[Stored entries]

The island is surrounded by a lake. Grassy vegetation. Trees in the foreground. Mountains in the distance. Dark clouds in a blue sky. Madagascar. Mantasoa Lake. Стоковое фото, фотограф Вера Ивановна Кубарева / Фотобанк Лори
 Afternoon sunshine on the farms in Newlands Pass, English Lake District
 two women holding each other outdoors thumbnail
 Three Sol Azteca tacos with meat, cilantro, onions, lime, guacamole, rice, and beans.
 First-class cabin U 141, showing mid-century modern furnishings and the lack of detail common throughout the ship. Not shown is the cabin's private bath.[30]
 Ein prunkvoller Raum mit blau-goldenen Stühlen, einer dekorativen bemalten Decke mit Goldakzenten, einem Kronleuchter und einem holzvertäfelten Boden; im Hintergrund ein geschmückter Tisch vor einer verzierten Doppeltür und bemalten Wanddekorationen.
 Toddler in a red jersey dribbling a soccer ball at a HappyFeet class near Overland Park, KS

* Aim of the task *
Each line from the one containing "First-class cabin U" to the end of the records should be echoed exactly, and no other line.

* Response below *
 First-class cabin U 141, showing mid-century modern furnishings and the lack of detail common throughout the ship. Not shown is the cabin's private bath.[30]
 Ein prunkvoller Raum mit blau-goldenen Stühlen, einer dekorativen bemalten Decke mit Goldakzenten, einem Kronleuchter und einem holzvertäfelten Boden; im Hintergrund ein geschmückter Tisch vor einer verzierten Doppeltür und bemalten Wanddekorationen.
 Toddler in a red jersey dribbling a soccer ball at a HappyFeet class near Overland Park, KS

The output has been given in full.